İngiliz edebiyatının kült romancılarından Jane Austen’ı duymayanınız yoktur herhalde. Eserlerini okumamış dahi olsanız, filmlerinden birini kesin izlemişsinizdir. Hollywood da bu durumun farkında ki, Austen’ın her bir eseri bugüne kadar defalarca TV ve beyaz perdeye uyarlandı. Öyle ki, dönem filmleri denildiğinde akla gelen ilk isimlerden biri, şüphesiz ki, Pride and Prejudice (Gurur ve Önyargı - veya daha yaygın çevirisiyle Aşk ve Gurur). Austen’in en popüler eseri sayılan Pride and Prejudice’in sadece tek başına yirmiden fazla film ve TV adaptasyonu var. Kadın haklarının ve feminizmin güçlendiği şu sıralar, eserlerinde güçlü kadın karakterlere başkahramanlar olarak yer veren Jane Austen’ın eserlerinin yeni bir uyarlamasının ekranlara gelmeye hazırlanması beklenmedik bir durum değil, ama bence heyecan verici bir haber. Hem de bu sefer, Jane Austen antolojik bir seri ile ekranlara gelmeye hazırlanıyor.

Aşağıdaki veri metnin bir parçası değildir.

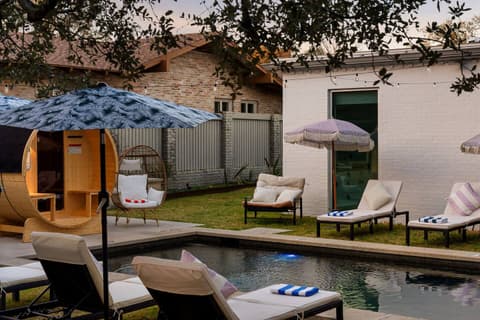 Sleeps 22+15minATX+Lake+Pool+Arcade+Sauna+Theater, photo 79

“Modern Austen” adıyla yayınlanacak seri, 1 saat uzunluğundaki altı modern hikaye olarak karşımıza çıkacak ve her sezon Austen’in farklı bir romanını ele alacak. Günümüz San Fransisco’sunda geçecek olan hikayelerin ilkinin, tabi ki herkesin favori Jane Austen romanı olan Pride and Prejudice olması planlanmış (Oh, Bay Darcy!) Diğer sezonlar ise Sense And Sensibility (Aşk ve Yaşam), Mansfield Park, Emma, Persuasion (İkna), ve Northanger Abbey (Northanger Manastırı) romanlarını baz alacak.

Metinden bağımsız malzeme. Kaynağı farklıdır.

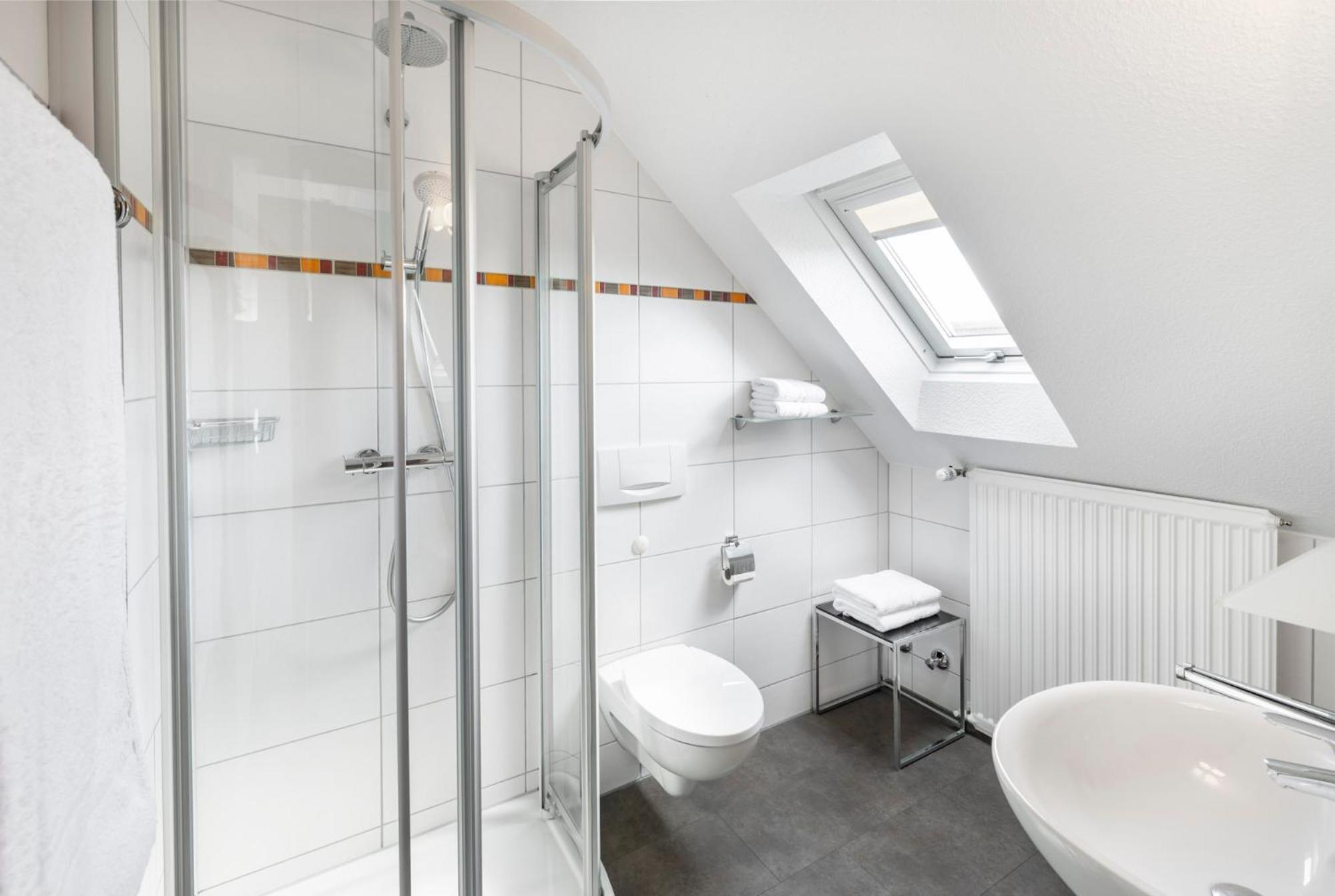 Doppelzimmer mit Balkon und seitlichem Seeblick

Her ne kadar Austen romanlarını defalarca ekranda görmüş olsak da, The CW’nin getireceği modern yaklaşımı merak etmiyor değilim. Benzer modern Austen uyarlamaları daha önce de yapılmıştı. Hatırlarsanız 1995 yılında çekilen Clueless (Fırlama Kızlar adıyla çevrilmiş), Austen’in Emma’sını, İngiltere’nin güneyindeki bir taşra kasabasından, Beverly Hills’teki özel bir liseye getirmişti. Clueless her ne kadar popülerliğini hala koruyan, hatta kült denilebilecek başarılı bir proje olsa da, filmin bir Jane Austen uyarlaması olarak başarısı tartışılır.
“Modern Austen”da da benzer bir durum söz konusu olduğundan, doğal olarak bazı şüphelerim var. Filmin yapımcıları Jane Austen romanlarını yalnızca romantik, sonu evlilikle biten klasik aşk hikayeleri olarak ele alırsalar, bunu günümüze uyarlamak pek de zor olmayacaktır, hatta izleyici sıkıntısı da çekmezler. Klasik bir aşk filmi her zaman izlenir, ee yapımcılarına da iyi para getirir. Hal böyleyse, başarılı, daha doğrusu kar getiren bir proje olacaktır. Ancak Jane Austen hikayelerini sadece romantik olarak nitelendirmek biraz haksızlık olur. Sonuçta, bu romanları klasik edebiyatın en ünlü eserlerinden yapan sadece içlerinde barındırdığı romantizm değil, dönemin İngiltere’sinde toplumsal sınıflara ve kadının toplumdaki yerine bir eleştiri niteliği taşıması. İşte bu değerleri 18.yy İngiltere kırsalından, 21.yy San Fransisco’suna taşımak nasıl olacak,...merakla bekliyorum.
The CW tarafından geliştirilen antolojik serinin yazar ve baş yapımcı rolünü Eleanor Burgess yükleniyor.